== Segment start ==

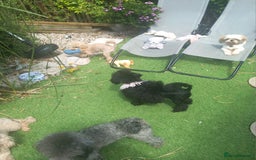 Toy Poodle dogs for sale: *REDUCED*1 WHITE BOY, 1 BLACK GIRL TOY POODLES in Colwyn Bay - Image 26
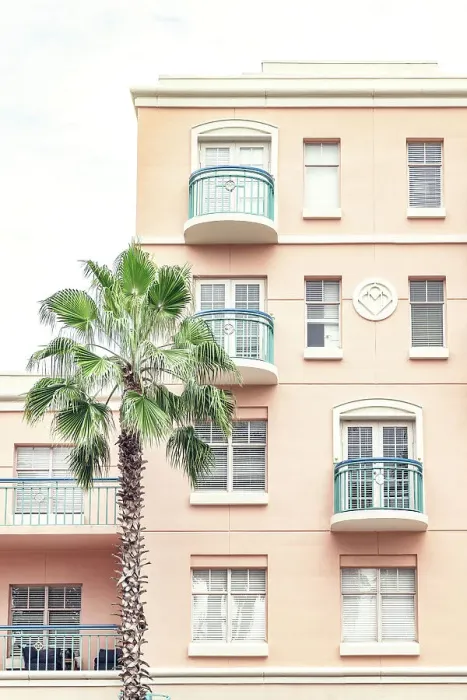 Framed Print : Florida, Mizner Park, palm tree against pink wall Framed Print : Florida, Mizner Park, palm tree against pink wall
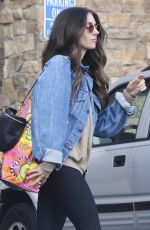 ALISON BRIE Shopping at Gelson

== Segment end ==

Activity
Please repeat the data above exactly as it appears, pictures excluded.

Exercise answer
 Toy Poodle dogs for sale: *REDUCED*1 WHITE BOY, 1 BLACK GIRL TOY POODLES in Colwyn Bay - Image 26
 Framed Print : Florida, Mizner Park, palm tree against pink wall Framed Print : Florida, Mizner Park, palm tree against pink wall
 ALISON BRIE Shopping at Gelson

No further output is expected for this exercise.